Dumbassification 2.0

This may be ill-advised, but I'm not going to let Steve and Adam off the hook by retreating to the idea that Adam's piece (or the at least the most ridiculous parts of it) were meant to be "tongue-in-cheek" or that it merely presents what Steve calls "a transhumanist reductio of the increasing identification of academic authority with the catching of cheaters". Maybe that is how it was intended, I don't know. But it seems to me to be much easier to it read as a piece that argues for the identification of intelligence with the ability to retrieve information, i.e., "getting the right answer", and the further (surely transhumanist) celebration of the ability of new technologies to "augment" this ability and, indeed, render the memorization of known facts obsolete as a life skill.

Most charitably, I take him to be saying that an exam that requires memorization is somehow "daring" students to use their smartphones instead of actually memorizing the required material and, importantly, that having a mind that can actually remember facts is so, you know, "1.0". I don't think Adam is making fun of these ideas. I think he's promoting them, whether he thinks so or not.

I don't know how else to take the following:

This is the age of augmented cognition, or the extended mind. When teachers ask a student to put away her cell phone or iPad before the exam is handed out, it is like asking her to put away her occipital lobe or her frontal cortex.

Is this a joke? Is it supposed to mock the whining student who makes this claim? If so, I'm with Adam, but I just don't see how it can be read that way in context. As Steve makes clear, the argument is that something important changed with the invention of the smartphone: "the stuff you’re discriminating is now located outside rather than inside your head – the ‘mind’s eye’ has been effectively distributed between you and the ‘cloud’." And this means, as Adam says, that to ask students to function without their phones is like asking them to function without some part of their brain.

But surely nothing has radically changed. Some stuff remains inside the head (the result of years of experience and study) and some of it remains outside (in the "library", however virtual it may now be). Examination is the means by which we find out how well the student can use what's inside, sometimes (but not always) by putting it in relation to what's outside, but always (and not just sometimes) by showing us what was inside at the time of examination. The "augmentation" of the mind has been going on since the invention of writing and the abacus, and at each stage of development, examiners have had to distinguish between the not very impressive ability of a student to merely look something up, or plug something into a calculating device, and the much more impressive accomplishment of having internalized a part of their own heritage. Adam's piece (and especially Steve's comment) is suggesting that the game has now radically shifted and that all that needs to be known can be "instantly and ubiquitously" looked up. Therefore all we should be examining is the ability of students to do that.

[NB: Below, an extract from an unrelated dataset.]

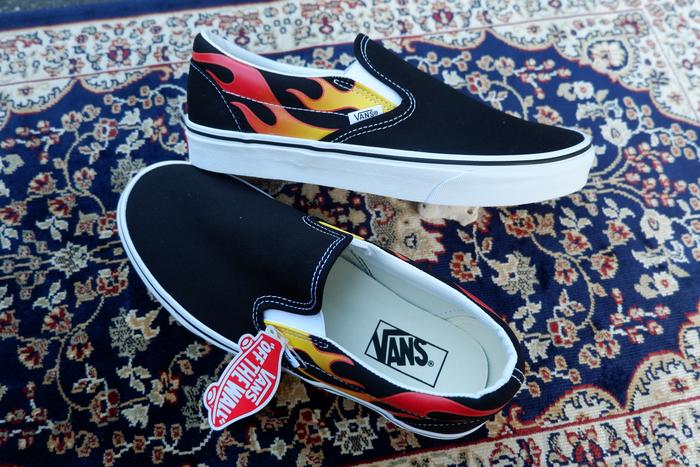 Vans Slip On Flame Black/White Resmi Original - BNIB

But a mind that can actually retain three or four hundred relevant facts for the purpose of passing an exam is demonstrating a far more important ability than this information retrieval skill ever was or will be. And also a more important ability than memorization as such. Again, Adam may just be mocking a position when he says this:

The brain doesn’t obey the boundaries of the skull, so why do students need to cram knowledge into their heads? All they need in their local wetware are the instructions for accessing the extended mind. This is not cheating, it is simply the reality of being plugged into the hive mind. Indeed, why waste valuable mental space on information stored in the hive?

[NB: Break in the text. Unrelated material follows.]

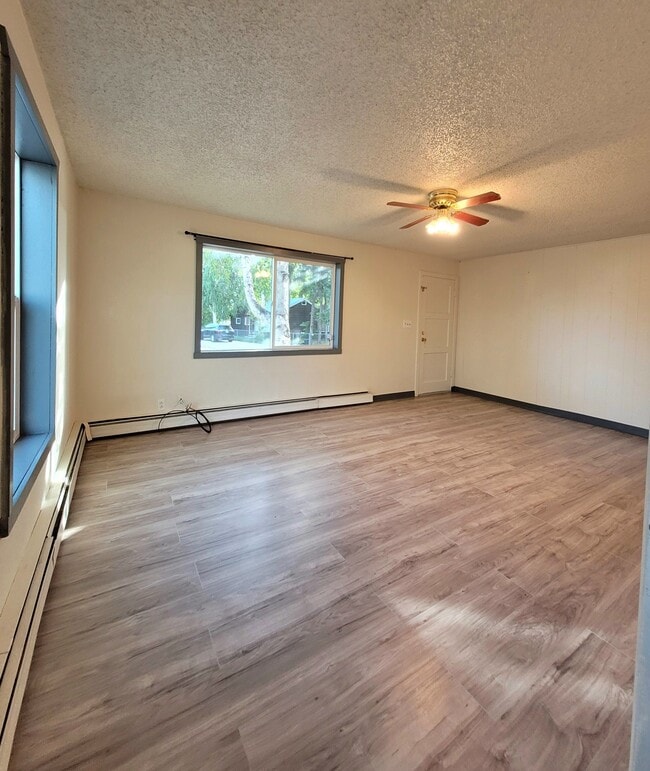 Building Photo - 760 8th Ave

If all he's doing here is mocking some imagined smart-ass student, I'm with him. But, again, I can't get his piece to read like that. If I do, the whole thing becomes satire (which is a possibility I explicitly considered, and then rejected "for the sake of argument"). And to think that a course and a subsequent test that values memorization is calling for students merely to "cram knowledge into their heads" simply fails to recognize the value of a having a mind that can actually retain facts (regardless of how important the individual facts are).

The sensible view is to treat smartphones, and the "cloud" to which they are connected, like we have treated books and calculators in the past: sometimes they are allowed and sometimes they are forbidden. The bar for the exam is set accordingly. And cheating remains what it always was: the unauthorized use of a technology or technique for the purpose of passing an examination.

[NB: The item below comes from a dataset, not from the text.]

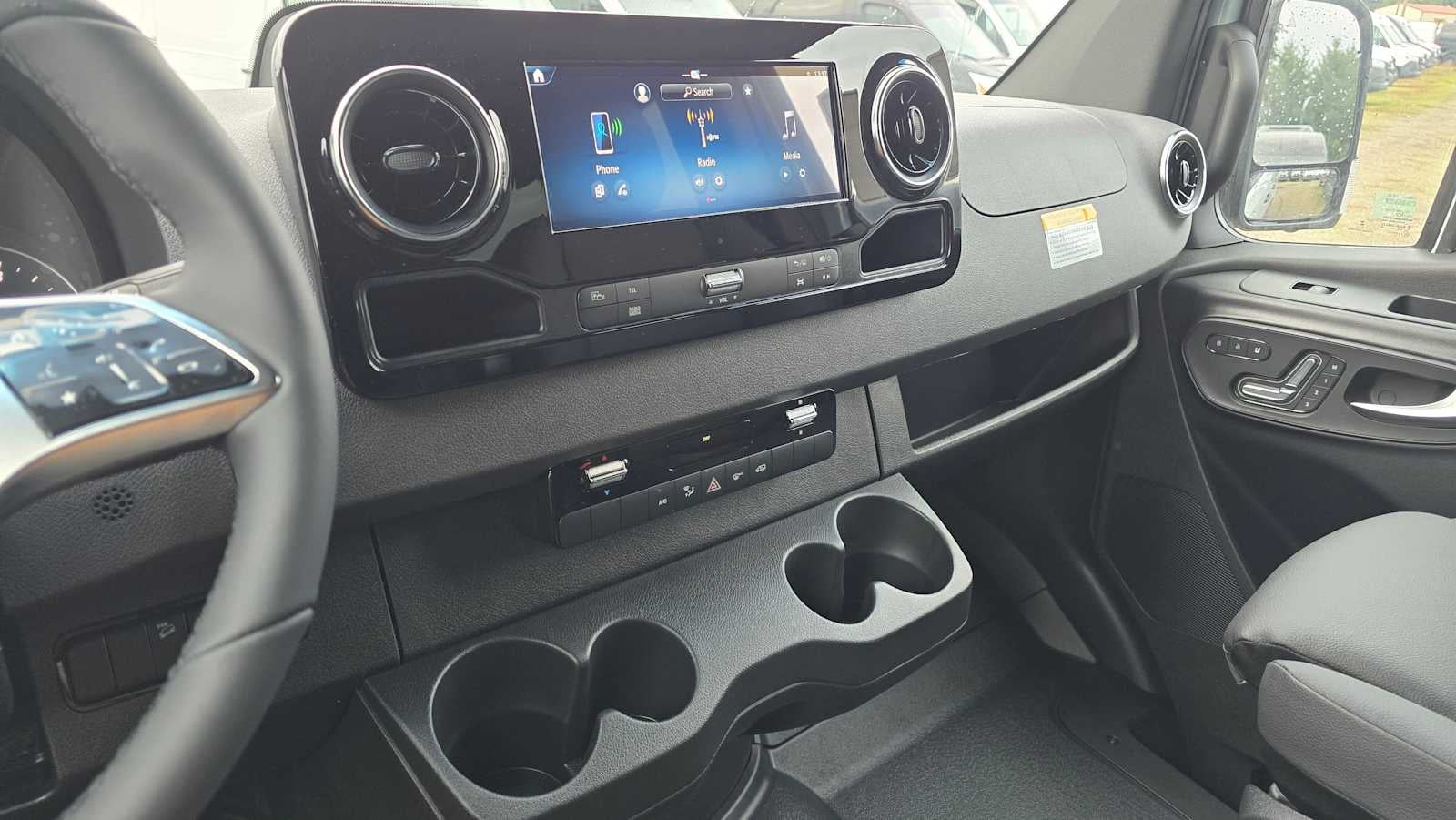 2026 Mercedes-Benz Sprinter 2500 Standard Roof I4 Diesel HO 144" AWD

I'm going to write one more post on this. I think I'm now obliged to go after Farhad Manjoo's denialism of the cheating scandal at Harvard on the grounds that they were merely "collaborating".

* * *

[Update: Jonathan brings us the good news in parable form.

Update 2: I just found the source of the title concept in The New Yorker. Fittingly, it was part of Chuck D's message to college students.]


8 comments:

  1. Leaving aside the question of whether you are correctly interpreting Adam's argument, it is trivially true to claim that cheating is breaking the rules, once the rules are set. It is another thing to question whether the rules that are set ought to be the rules.

    Obviously, students who are told they cannot use anything other than their own brains during a test are breaking the rules if they resort to their smartphones -- in other words, they are guilty of cheating. It only becomes interesting when we allow ourselves to get out of the frame of rule-following and start to seek the rules that ought to apply in situations in which the technology has advanced to the point that calling such behavior cheating sounds questionable.

    I take Adam's point to be: we have reached that point. We ought to seek the rules that fit our new situation, rather than simply falling back on following the old rules. That is a challenge for the educators to meet.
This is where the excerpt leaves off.